Thanks so much! It was a freak accident with mom and breeder. here is the thread, if you are interested. http://www.goldenretrieverforum.com/showthread.php?t=33519


----------



## Hudson (May 18, 2005)

Good luck with you new puppy, it is really terrible regarding the breeder and puppy's mum, I do hope they will be okay. The forum can be of great help to you with the many months of puppy hood ahead of you.


----------



## davebeech (Feb 11, 2006)

he looks like he's doing really well, sorry to read the story as to why he came home so early but I'm sure he'll be just fine.


----------



## fiestyredheadntx (Mar 27, 2008)

He is just precious and sounds like he is adjusting well. It breaks my heart to read about the breeder and your pup's mom~what is their status? Good news~I hope. :crossfing



Christi said:


> Thanks so much! It was a freak accident with mom and breeder. here is the thread, if you are interested. http://www.goldenretrieverforum.com/showthread.php?t=33519


----------



## GoldenJoyx'stwo (Feb 25, 2007)

Oh, another cutie! It's puppy Heaven around here!


----------



## Penny & Maggie's Mom (Oct 4, 2007)

Welcome Christi and Luna. She is a real doll !!!! I'm so sorry to read about the awful accident...... you've got the ears of several quality breeders and lots of other golden lovers if you have questions or concerns. Enjoy your time here and please share lots of pictures.


----------



## Tahnee GR (Aug 26, 2006)

Aww-he's a doll. It is good that you have another dog and that she is stepping in to play and help socialize the puppy.
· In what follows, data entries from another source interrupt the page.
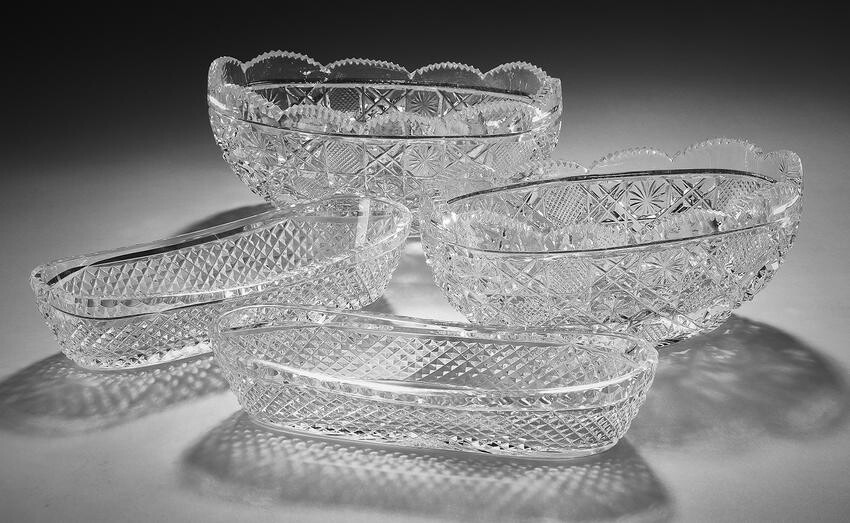 Group of (4) American cut crystal serving bowls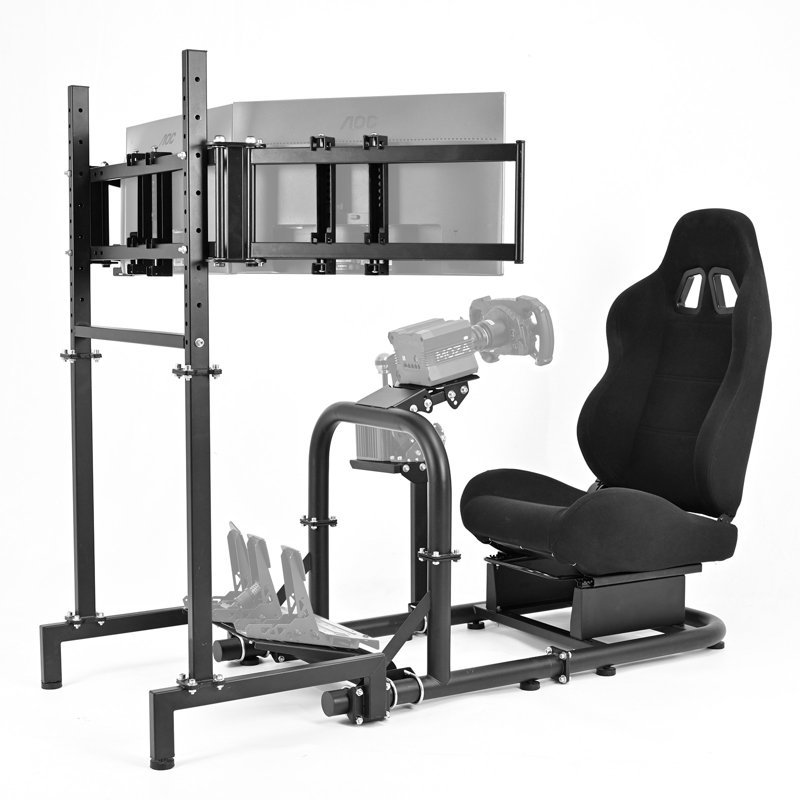 Ivy Bronx Adjustable Swiveling PC & Racing Game Chair in Black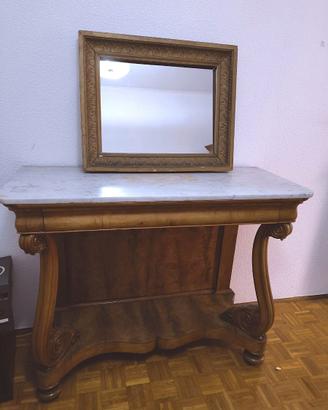 Consolle antica 800 noce con marmo+ specchio =€250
I sure hope the breeder and the mother come out okay.


----------



## videochicke (Dec 29, 2007)

How cute! We have a new pup coming home soon that was also born on March 3rd. Your pic gives me an idea of what my little one must look like now.


----------



## Daisy n Me (May 17, 2007)

Awwww. I'm melting. He's so cute.


----------



## SadieBodean (Mar 28, 2008)

Awww, so cute. Does he have a name yet?


----------



## BeauShel (May 20, 2007)

He is adorable and it is great that you have another dog to help him with his socialization and playing. Hope the breeder and mommy dog make it.


----------



## Oaklys Dad (Dec 28, 2005)

He sure looks perfect to me. It must be hard to set him down long enough to get a picture.


----------



## twinny41 (Feb 13, 2008)

I cant stop thinking about the poor mum. Any news on how she is? Sorry too for the breeder of course! Beautiful puupy you have there anyway.


----------



## Griffyn'sMom (Mar 22, 2007)

Adorable! My Jake was the same age when we brought him home. The only problem I had with him (if you could call it a problem) was that he didn't care for some male dogs - he didn't really play with other dogs either - much preferred humans - I don't think he thought he was a dog. I will tell you that I did NOT have the horrible puppy nipping problem with him that I did with Griff. Time will tell how it goes with you. 

Best wishes for many happy years with him.


----------



## Lisa_and_Willow. (Dec 18, 2007)

Best of luck with your new baby!


----------



## Merlins mom (Jun 20, 2007)

He is just so adorable! Good luck with him and I hope the mom pulls through.


----------



## Lexie's Mom (Dec 14, 2005)

did the mother survive? i just read thru the other thread too. How tragic. BTW the puppy is adorable!!!!!


----------



## T&T (Feb 28, 2008)

:heartbeat:heartbeat:heartbeat


----------



## Penny'smom (Mar 3, 2007)

There isn't anything cuter than a Golden puppy. I'm so sad for the mom and the breeder.

Don't you have Kona, another young pup? The 2 of them make a litter and should be able to teach each other somewhat. Once they both have had their shots and the vet approves, make sure you get them socialized. In fact, your vet might be a good source of other puppy owners who could form a play group. That's the best way for a puppy to learn how to be a dog, especially if there's an older dog or 2 in the group.

These last couple of weeks that she would have spent with the litter would have been spent learning bite inhibition, how to play nice and what the rules of play are. 

I'm sure you'll do fine and have a lifetime of fun with your puppers! Lucky you!


----------



## arcane (Sep 18, 2007)

such a sad story...my heart goes out to the momma dog and the breeder... Your pup will be just fine, it sounds as if you are doing all the right things...


----------



## allux00 (Mar 2, 2008)

He's adorable! Sorry that you got him that way, though. Hope the mama's alright.


----------